> **Assigned task**
From the line containing "Outlet ✔️ LED" through the last line below, copy every line exactly, leaving out the pictures.

> **Provided data**
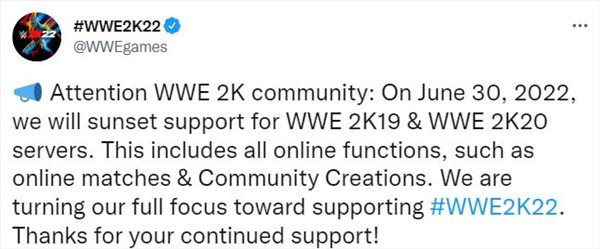 《WWE 2K》19/20六月末关闭服务器 停止在线功能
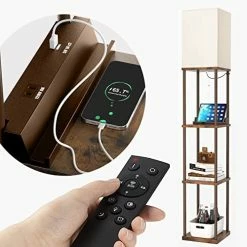 Outlet ✔️ LED Modern Shelf Floor Lamp With 3CCT LED Bulb And White Lamp Shade - Display Floor Lamps With Shelves For Living Room, Bedroom And Office - Black 🎁 -Lighting & Ceiling Fans Shop 41ZZ0WezVGL. AC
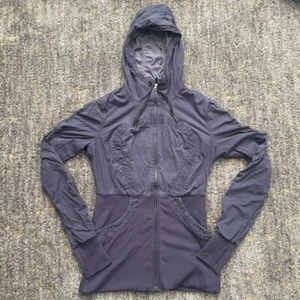 Chaqueta LULULEMON Dance Studio para mujer 10 reversibles ciruela cremallera sudadera con capucha agujeros para los pulgares - Imagen 1 de 13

> **Answer to the exercise**
 Outlet ✔️ LED Modern Shelf Floor Lamp With 3CCT LED Bulb And White Lamp Shade - Display Floor Lamps With Shelves For Living Room, Bedroom And Office - Black 🎁 -Lighting & Ceiling Fans Shop 41ZZ0WezVGL. AC
 Chaqueta LULULEMON Dance Studio para mujer 10 reversibles ciruela cremallera sudadera con capucha agujeros para los pulgares - Imagen 1 de 13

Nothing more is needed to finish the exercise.